Postcard from Toledo, Spain: A Cathedral fit for a royal capital

When Alfonso VI (1040-1109) of Castile captured Toledo from the Moors in 1085, he made the hilltop city his capital. Although royals moved their seats around Spain and Portugal, the city benefitted from the rule of numerous kings.

Construction of the city’s Gothic Cathedral, dedicated to the Assumption of Mary, was begun in 1227. The main six-story central carved altar, bookended by royal tombs, was added around the year 1500.

Felipe II (1527-1598) stroke a blow signaling the city’s decline in importance when he moved the capital permanently to Madrid in 1561.

Although Toledo’s population is around 80,000, every day thousands of visitors jostle through the crowds filling the narrow streets in the historic part of the city to tour the Cathedral. Fortunately, there is ample room inside to accommodate a crowd. The main nave alone is both longer and wider than an NFL football field.

When we were in the Cathedral, most of the area near the main altar was roped off for temporary seating for an evening organ concert. Disappointing yes, but, holy Toledo, the pipes resounding through that enormous space must have been magnificent.

Postcard from Madrid, Spain: No Cibeles selfies posted here

The star spot for selfie-snappers visiting Madrid, Plaza de Cibeles, was a block from our apartment. So many people pause for photos on the sidewalk on the opposite side of the plaza from Palacio de Cibeles that there is always someone nearby hawking extender sticks to improve the composition of selfies.

We circled the enormous plaza so many times during our stay, I thought we forgot to even take a photo of the gleaming off-white building erected at the beginning of the 20th century. Originally housing the main post office and telecommunications, the elegant building recently was remodeled dramatically to serve as City Hall and a cultural center, Centro Centro, showcasing contemporary art exhibits and offering sofa-filled areas with Wi-Fi access. The wedding cake center is topped with terraces offering commanding views of the city.

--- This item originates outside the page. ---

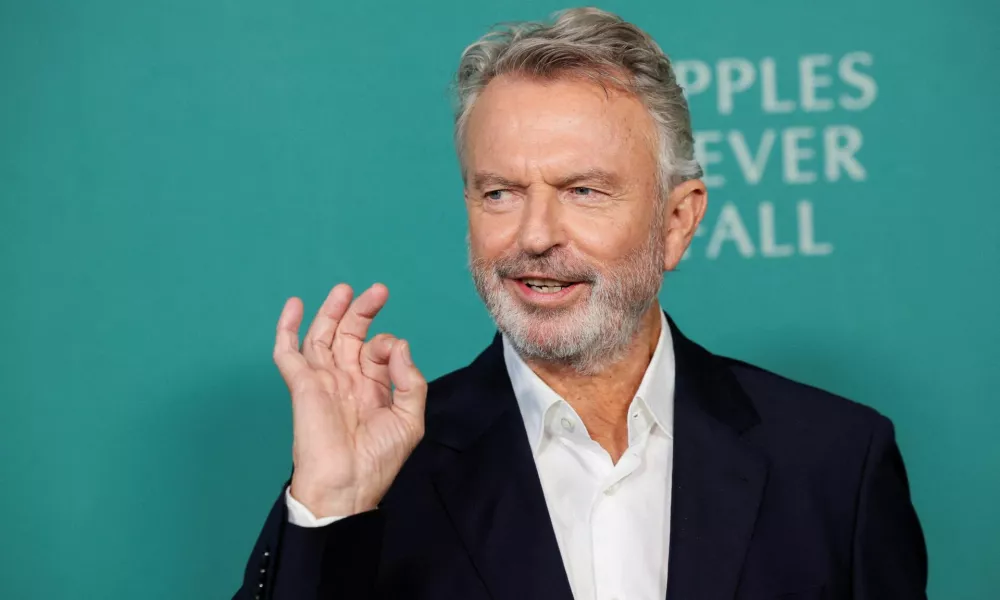 FILE PHOTO: Sam Neill attends a premiere of the television series 'Apples Never Fall', in Los Angeles, California, U.S. March 12, 2024. REUTERS/Mario Anzuoni/File Photo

At the center of the plaza is a fountain and sculpture of Cybele driving a chariot drawn by a pair of lions, formerly a lusty human couple who dishonored the goddess by having sex in her temple. Cybele’s followers in ancient Greece were cult-like, and she continues to earn many exuberant fans during her residency in contemporary Madrid.

The soccer club Real Madrid considers her a patroness, honoring her by draping her with their team flag when they are victorious. Players and their legions of fans swarm into the plaza for rambunctious post-game celebrations.

Hope they all keep their passions in check, lest their inappropriate behavior offend the patroness capable of transforming them into another pair of stony lions permanently harnessed to her chariot.

As for us, our-selfies never managed to slip into camera range.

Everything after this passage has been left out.